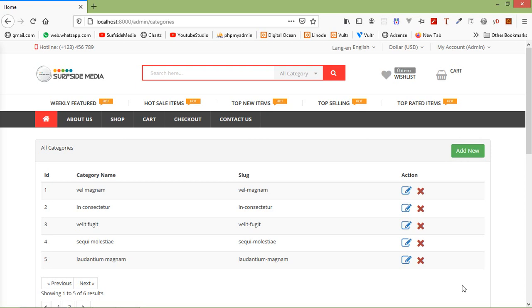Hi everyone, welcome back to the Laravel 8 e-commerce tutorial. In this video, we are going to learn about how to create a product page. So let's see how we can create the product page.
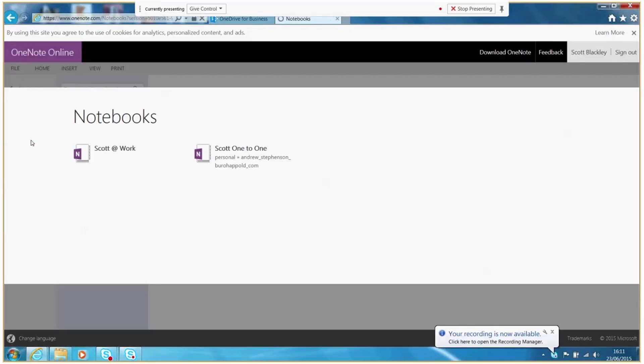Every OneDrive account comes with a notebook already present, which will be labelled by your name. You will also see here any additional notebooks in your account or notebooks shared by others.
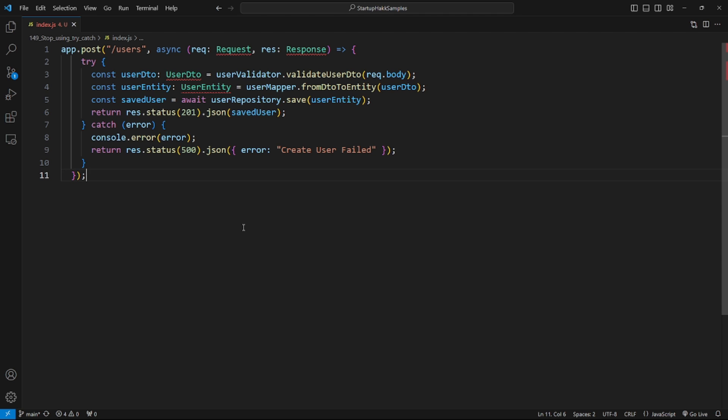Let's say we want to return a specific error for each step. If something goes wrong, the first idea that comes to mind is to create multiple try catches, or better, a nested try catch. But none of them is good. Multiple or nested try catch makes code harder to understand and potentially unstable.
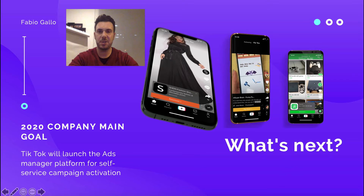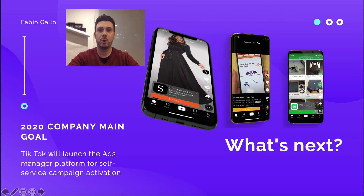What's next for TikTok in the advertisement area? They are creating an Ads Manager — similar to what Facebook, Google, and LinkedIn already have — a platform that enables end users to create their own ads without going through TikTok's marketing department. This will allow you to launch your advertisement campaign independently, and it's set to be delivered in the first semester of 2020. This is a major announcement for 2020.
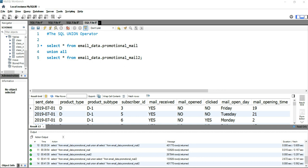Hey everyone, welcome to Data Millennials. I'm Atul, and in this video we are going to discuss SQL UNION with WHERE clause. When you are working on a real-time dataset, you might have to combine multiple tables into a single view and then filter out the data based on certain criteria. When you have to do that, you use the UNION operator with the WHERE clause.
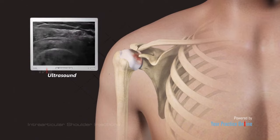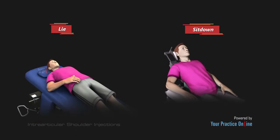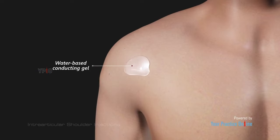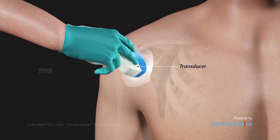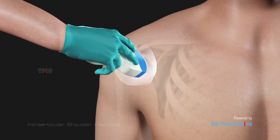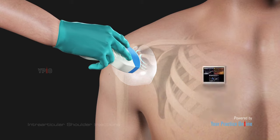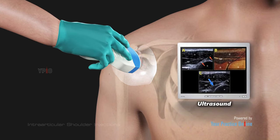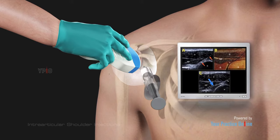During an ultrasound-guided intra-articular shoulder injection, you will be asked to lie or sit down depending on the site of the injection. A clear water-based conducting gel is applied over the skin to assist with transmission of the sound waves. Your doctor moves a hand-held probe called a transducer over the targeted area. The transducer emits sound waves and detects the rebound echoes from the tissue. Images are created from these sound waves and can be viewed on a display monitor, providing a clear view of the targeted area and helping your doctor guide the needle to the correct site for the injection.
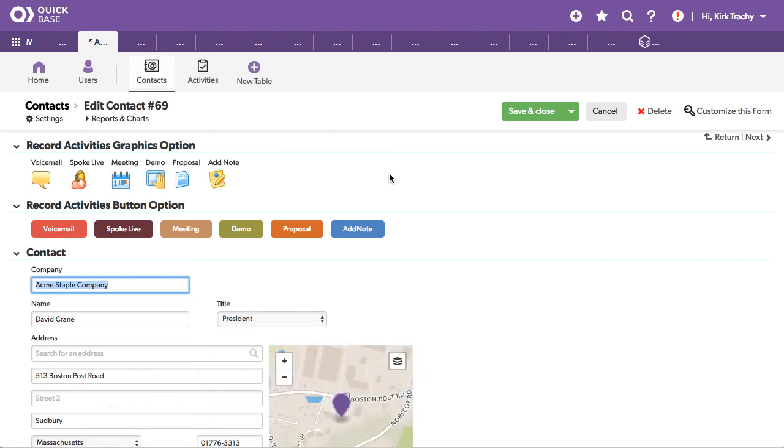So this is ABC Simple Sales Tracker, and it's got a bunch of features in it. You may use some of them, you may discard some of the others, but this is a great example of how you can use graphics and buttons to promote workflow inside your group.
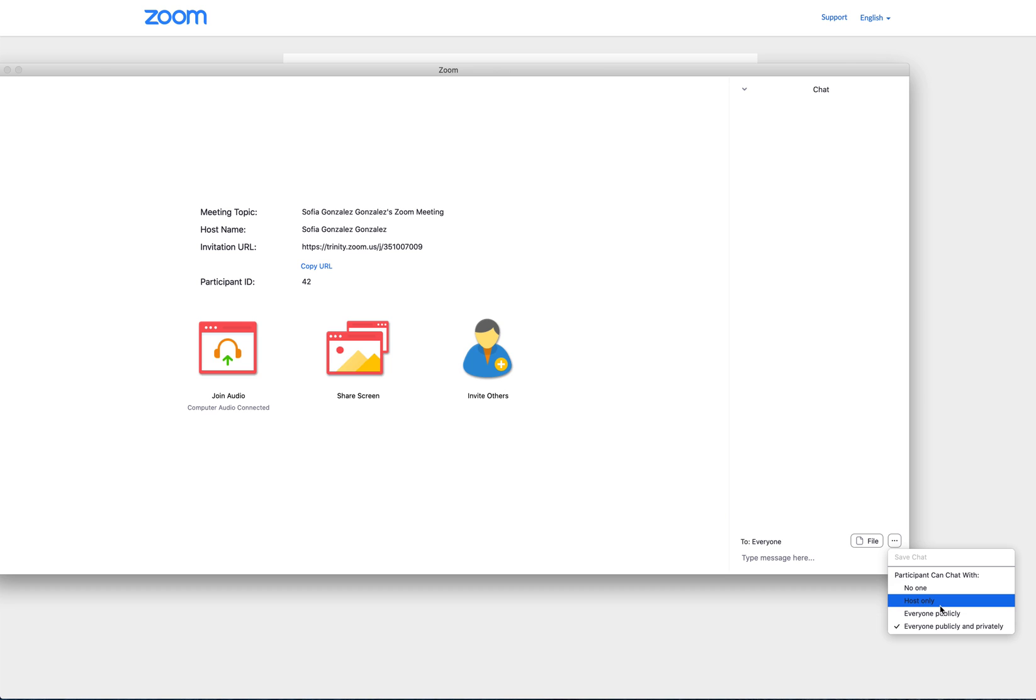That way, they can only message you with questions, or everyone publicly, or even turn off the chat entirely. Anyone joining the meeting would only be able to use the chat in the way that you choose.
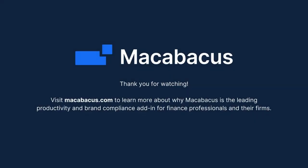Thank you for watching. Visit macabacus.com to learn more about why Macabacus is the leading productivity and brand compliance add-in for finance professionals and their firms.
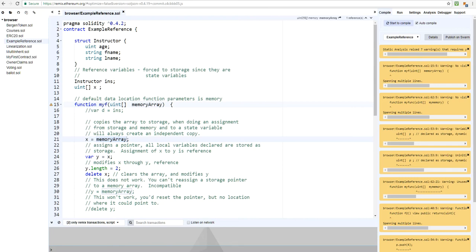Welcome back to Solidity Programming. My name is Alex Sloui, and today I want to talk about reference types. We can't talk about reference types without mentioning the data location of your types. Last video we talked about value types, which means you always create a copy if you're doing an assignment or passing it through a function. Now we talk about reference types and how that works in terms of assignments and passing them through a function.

YOUR ASSIGNMENT
Up to and including the line with "Hey everyone, welcome", repeat every line from the top of the entries exactly, but not the pictures.

SOLUTION FOR THIS EXERCISE
Hi everyone, welcome back to the Laravel 8 e-commerce tutorial. In this video, we are going to learn about how to create a product page. So let's see how we can create the product page.
Every OneDrive account comes with a notebook already present, which will be labelled by your name. You will also see here any additional notebooks in your account or notebooks shared by others.
Let's say we want to return a specific error for each step. If something goes wrong, the first idea that comes to mind is to create multiple try catches, or better, a nested try catch. But none of them is good. Multiple or nested try catch makes code harder to understand and potentially unstable.
What's next for TikTok in the advertisement area? They are creating an Ads Manager — similar to what Facebook, Google, and LinkedIn already have — a platform that enables end users to create their own ads without going through TikTok's marketing department. This will allow you to launch your advertisement campaign independently, and it's set to be delivered in the first semester of 2020. This is a major announcement for 2020.
Hey everyone, welcome to Data Millennials. I'm Atul, and in this video we are going to discuss SQL UNION with WHERE clause. When you are working on a real-time dataset, you might have to combine multiple tables into a single view and then filter out the data based on certain criteria. When you have to do that, you use the UNION operator with the WHERE clause.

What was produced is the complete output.